---- DATASET ENTRIES

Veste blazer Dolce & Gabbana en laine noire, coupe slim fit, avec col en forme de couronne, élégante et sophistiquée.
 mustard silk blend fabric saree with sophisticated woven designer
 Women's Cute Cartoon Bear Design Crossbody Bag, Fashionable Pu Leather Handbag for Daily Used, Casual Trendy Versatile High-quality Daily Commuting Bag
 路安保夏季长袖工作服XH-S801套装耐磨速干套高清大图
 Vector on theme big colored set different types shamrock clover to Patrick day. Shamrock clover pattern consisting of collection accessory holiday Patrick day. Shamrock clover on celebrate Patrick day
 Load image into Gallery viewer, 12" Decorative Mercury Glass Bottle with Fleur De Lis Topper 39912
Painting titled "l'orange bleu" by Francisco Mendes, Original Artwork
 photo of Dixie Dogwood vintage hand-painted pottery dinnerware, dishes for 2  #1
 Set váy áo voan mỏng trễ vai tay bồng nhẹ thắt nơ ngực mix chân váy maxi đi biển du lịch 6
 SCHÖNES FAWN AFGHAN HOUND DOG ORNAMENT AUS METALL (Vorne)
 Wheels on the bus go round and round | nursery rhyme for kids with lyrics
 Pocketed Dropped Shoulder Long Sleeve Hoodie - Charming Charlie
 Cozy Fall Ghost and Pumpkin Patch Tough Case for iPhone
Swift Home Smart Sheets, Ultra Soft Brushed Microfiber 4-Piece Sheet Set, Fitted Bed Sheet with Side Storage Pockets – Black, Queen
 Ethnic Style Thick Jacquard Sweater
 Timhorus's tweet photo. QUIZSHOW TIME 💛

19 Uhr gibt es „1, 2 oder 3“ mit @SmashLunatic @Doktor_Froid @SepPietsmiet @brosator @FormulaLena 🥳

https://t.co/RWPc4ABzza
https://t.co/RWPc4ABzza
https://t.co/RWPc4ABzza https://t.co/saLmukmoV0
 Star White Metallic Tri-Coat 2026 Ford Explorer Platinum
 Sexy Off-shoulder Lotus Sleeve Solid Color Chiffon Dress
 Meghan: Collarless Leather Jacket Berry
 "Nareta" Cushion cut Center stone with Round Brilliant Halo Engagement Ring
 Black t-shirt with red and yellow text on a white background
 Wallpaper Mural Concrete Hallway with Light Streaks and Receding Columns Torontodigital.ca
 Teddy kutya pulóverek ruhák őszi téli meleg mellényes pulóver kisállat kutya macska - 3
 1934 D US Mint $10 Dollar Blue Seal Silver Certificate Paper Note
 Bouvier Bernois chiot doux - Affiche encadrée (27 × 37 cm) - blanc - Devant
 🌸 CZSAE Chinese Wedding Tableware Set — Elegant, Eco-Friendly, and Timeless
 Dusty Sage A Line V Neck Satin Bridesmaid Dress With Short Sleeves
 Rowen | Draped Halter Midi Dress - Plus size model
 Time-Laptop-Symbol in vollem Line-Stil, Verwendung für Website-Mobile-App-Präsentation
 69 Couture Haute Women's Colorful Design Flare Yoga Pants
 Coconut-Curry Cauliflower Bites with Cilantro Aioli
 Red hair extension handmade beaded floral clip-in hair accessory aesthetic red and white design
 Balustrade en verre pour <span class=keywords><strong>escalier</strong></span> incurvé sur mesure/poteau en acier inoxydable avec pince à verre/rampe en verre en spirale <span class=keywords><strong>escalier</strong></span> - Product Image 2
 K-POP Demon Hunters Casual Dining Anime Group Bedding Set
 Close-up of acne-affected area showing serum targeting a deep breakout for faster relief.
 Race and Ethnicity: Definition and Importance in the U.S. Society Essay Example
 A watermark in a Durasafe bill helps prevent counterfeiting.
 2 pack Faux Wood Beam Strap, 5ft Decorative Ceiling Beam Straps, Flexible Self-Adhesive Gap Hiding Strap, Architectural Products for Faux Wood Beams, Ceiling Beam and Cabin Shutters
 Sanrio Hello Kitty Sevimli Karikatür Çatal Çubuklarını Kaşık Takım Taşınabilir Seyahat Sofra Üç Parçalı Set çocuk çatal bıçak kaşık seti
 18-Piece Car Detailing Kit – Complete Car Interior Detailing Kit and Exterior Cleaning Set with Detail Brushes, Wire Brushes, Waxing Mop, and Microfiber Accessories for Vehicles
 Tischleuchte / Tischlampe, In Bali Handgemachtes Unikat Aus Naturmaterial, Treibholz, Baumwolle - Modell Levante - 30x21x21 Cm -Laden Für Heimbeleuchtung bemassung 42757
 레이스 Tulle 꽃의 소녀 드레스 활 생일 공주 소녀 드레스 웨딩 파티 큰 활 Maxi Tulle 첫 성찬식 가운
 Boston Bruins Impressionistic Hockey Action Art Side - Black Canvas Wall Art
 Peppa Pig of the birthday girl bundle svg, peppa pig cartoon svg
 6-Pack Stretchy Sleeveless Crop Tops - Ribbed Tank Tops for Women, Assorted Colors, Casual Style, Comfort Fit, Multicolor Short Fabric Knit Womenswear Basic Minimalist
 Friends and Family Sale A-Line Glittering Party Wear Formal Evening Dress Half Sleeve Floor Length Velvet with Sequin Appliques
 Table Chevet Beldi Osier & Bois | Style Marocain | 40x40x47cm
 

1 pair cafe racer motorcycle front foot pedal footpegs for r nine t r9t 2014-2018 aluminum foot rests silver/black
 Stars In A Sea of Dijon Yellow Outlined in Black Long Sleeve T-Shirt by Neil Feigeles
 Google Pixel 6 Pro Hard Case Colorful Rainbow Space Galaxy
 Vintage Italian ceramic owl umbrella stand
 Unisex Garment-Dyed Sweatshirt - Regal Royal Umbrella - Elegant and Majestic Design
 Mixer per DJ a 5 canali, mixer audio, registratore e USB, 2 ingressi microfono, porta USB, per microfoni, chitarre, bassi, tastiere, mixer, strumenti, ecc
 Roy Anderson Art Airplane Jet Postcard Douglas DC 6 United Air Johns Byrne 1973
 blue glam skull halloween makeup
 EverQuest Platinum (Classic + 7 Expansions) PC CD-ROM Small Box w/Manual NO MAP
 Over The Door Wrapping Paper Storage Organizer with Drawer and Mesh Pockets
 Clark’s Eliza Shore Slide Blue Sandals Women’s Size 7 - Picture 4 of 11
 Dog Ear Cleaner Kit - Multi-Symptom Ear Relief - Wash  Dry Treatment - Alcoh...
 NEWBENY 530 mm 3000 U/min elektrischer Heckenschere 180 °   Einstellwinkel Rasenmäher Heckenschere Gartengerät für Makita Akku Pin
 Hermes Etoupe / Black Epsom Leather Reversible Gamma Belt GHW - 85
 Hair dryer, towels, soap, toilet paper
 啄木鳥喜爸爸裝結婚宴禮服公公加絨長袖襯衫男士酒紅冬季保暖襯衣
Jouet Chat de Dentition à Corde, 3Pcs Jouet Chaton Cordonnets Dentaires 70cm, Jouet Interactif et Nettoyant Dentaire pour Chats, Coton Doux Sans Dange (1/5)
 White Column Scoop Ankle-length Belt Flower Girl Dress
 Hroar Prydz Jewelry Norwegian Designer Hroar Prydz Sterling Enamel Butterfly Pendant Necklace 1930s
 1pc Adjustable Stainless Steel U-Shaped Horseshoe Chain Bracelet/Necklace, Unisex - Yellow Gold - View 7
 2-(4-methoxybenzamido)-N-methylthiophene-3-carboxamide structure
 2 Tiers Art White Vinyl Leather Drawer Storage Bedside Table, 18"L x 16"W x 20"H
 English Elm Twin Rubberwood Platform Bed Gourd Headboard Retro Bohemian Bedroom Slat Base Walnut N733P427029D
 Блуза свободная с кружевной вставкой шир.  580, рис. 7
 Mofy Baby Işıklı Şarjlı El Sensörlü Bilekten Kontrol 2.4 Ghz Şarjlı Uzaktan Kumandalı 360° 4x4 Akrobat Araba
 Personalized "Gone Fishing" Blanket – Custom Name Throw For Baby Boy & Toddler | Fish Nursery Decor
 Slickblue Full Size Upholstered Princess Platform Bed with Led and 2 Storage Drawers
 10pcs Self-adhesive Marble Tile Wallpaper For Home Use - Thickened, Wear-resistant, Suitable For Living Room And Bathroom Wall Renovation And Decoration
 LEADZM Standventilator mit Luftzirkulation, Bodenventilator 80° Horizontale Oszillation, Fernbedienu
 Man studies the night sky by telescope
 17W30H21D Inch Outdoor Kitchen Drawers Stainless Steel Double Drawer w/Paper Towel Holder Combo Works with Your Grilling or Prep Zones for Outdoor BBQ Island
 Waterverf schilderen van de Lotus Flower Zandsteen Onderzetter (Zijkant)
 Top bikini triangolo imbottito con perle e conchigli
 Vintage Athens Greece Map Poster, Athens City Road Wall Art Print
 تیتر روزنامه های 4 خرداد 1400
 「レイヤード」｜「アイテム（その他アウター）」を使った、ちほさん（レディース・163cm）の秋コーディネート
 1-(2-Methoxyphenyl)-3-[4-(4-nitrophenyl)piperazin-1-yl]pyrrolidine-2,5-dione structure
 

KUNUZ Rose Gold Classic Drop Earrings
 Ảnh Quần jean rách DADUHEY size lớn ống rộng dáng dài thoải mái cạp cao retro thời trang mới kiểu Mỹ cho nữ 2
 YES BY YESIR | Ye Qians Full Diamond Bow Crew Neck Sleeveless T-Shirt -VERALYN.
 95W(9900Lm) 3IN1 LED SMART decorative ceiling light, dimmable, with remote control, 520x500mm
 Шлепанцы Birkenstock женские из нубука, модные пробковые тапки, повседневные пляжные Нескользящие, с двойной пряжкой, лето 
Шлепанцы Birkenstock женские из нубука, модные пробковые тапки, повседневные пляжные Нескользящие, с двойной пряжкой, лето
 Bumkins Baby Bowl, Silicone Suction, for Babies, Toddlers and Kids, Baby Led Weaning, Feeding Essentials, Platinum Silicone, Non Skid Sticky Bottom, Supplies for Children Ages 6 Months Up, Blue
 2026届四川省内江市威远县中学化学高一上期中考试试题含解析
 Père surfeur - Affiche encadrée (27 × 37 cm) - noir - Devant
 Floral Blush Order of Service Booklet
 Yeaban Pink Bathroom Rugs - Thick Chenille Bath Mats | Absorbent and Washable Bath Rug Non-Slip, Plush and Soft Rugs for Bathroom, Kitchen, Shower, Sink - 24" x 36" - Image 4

--------

TASK PROMPT:
Of the lines above, extract only those from the line with "Bumkins Baby Bowl, Silicone" to the line with "Père surfeur - Affiche", both included, exactly as written.

SOLUTION TO THIS TASK:
 Bumkins Baby Bowl, Silicone Suction, for Babies, Toddlers and Kids, Baby Led Weaning, Feeding Essentials, Platinum Silicone, Non Skid Sticky Bottom, Supplies for Children Ages 6 Months Up, Blue
 2026届四川省内江市威远县中学化学高一上期中考试试题含解析
 Père surfeur - Affiche encadrée (27 × 37 cm) - noir - Devant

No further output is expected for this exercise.